Revert some test changes after correcting the condition testing for misaligned in D21935.

jlebar added inline comments.Jul 6 2016, 3:35 PM
lib/Transforms/Vectorize/LoadStoreVectorizer.cpp
94

Where do we use reorderAfter? Should one of the calls to reorderBefore call reorderAfter? If so, why aren't some of the tests failing? :)

96

"&" should bind to the variable name.

(It's helpful to me to run clang-format as part of "arc diff", so I don't ever forget this stuff. I have a wrapper script around arc that invokes git-clang-format before posting a change. https://github.com/jlebar/conf/blob/master/bin/arc In fact I call my wrapper "arc" so I don't even have to think about it. You'll need a file/symlink in the same directory as that script called arc-real, and you'll need git-clang-format on your path -- it's in the LLVM source tree at tools/clang/tools/clang-format/git-clang-format. I think you'll also need to add

[clangformat]
        style = "file"

to your .gitconfig.

Easy, right? :)

337

Whitespace alignment here.

342

This is arbitrarily-deep recursion, which I think we tend to avoid, for fear of overflowing the stack given pessimal inputs. Can we write this with an explicit worklist instead?

348

Can we use llvm::SmallPtrSet? unordered_set is much slower and cache-inefficient.

351

Space around "=" (clang-format should take care off this, too). Here and elsewhere.

352

Do we know that I->getParent()->end() can't change when we insert new elements?

352

This only considers instructions in I's BB, but InstructionsToMove may contain other instructions, no? If so that may make this whole thing more complicated...

359

If you're going to do this, maybe we should assert that InstructionsToMove is empty after the loop?

359

Do we need the &*? I'd think it should work without that.

884

We use dyn_cast when the cast may fail and return null. But I think you don't want a null pointer inside InstrsToReorder, and we know that Bitcast is an Instruction, so I think you want plain cast<>.

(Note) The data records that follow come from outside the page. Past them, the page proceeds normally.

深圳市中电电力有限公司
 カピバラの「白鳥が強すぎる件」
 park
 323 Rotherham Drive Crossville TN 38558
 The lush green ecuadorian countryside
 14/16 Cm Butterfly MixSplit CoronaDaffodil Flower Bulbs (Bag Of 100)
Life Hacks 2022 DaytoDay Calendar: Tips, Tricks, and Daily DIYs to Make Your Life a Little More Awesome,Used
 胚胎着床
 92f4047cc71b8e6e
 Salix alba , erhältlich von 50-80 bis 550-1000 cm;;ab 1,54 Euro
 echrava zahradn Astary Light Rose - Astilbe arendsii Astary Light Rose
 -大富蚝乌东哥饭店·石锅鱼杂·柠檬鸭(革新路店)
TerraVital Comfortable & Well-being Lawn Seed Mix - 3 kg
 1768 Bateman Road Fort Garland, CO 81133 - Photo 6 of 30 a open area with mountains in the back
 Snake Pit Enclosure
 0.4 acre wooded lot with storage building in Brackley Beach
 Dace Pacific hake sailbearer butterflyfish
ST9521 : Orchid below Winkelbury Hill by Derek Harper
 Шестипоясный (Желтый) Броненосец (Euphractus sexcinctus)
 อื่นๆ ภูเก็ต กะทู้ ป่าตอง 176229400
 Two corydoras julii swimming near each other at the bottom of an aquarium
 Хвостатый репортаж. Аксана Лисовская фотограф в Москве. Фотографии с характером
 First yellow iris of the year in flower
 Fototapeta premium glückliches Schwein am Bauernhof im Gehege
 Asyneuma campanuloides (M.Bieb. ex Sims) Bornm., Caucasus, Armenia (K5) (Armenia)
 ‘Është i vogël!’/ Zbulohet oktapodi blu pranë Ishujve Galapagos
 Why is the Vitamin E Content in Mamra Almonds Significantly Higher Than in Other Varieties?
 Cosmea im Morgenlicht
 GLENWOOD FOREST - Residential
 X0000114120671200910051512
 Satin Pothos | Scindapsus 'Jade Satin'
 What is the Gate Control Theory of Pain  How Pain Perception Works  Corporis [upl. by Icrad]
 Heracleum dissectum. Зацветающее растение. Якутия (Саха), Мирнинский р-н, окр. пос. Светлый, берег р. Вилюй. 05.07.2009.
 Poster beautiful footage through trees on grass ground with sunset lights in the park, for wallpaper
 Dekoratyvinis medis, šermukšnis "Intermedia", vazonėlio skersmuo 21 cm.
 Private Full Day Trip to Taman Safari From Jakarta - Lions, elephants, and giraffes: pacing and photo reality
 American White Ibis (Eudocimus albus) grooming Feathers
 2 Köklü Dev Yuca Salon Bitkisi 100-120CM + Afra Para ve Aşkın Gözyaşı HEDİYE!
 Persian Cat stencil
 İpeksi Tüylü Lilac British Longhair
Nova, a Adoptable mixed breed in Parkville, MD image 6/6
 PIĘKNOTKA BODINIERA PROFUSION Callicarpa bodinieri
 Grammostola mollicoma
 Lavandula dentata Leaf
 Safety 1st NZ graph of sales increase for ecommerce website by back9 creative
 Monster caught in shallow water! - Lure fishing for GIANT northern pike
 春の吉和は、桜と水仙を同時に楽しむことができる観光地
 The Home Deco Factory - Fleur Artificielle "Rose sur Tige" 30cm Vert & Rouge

test/Transforms/LoadStoreVectorizer/AMDGPU/insertion-point.ll
12

I don't quite get what the original code is testing here. Like, the adds are completely independent of the loads, right? If so, can we fix this test so it's not sensitive to implementation details?

test/Transforms/LoadStoreVectorizer/X86/correct-order.ll
17

Do all these tests need to be inside loops?

18

Do we have a test which checks that we don't reorder through phi nodes?

asbirlea updated this revision to Diff 62998.Jul 6 2016, 4:59 PM

Partially address comments.

Still looking into updating the tests and some of the comments I missed.

lib/Transforms/Vectorize/LoadStoreVectorizer.cpp
94

Fair point. I need to figure out if there si a case when reorderAfter is needed for stores. In the mean time, removing it.

96

Yes. Postponing running clang-format until all other comments are addressed.
I also have another patch on top of this which may lead to conflicts after formatting, in which case I will clang-format the next patch.

359

All this was removed, but I use the comments for reorderBefore.

884

Yes, updated.

test/Transforms/LoadStoreVectorizer/AMDGPU/insertion-point.ll
12

I'm not sure what the original purpose was. It looks to me it is intentionally testing an implementation detail ("insert_load_point").

test/Transforms/LoadStoreVectorizer/X86/correct-order.ll
18

I don't think so. Feel free to add one :).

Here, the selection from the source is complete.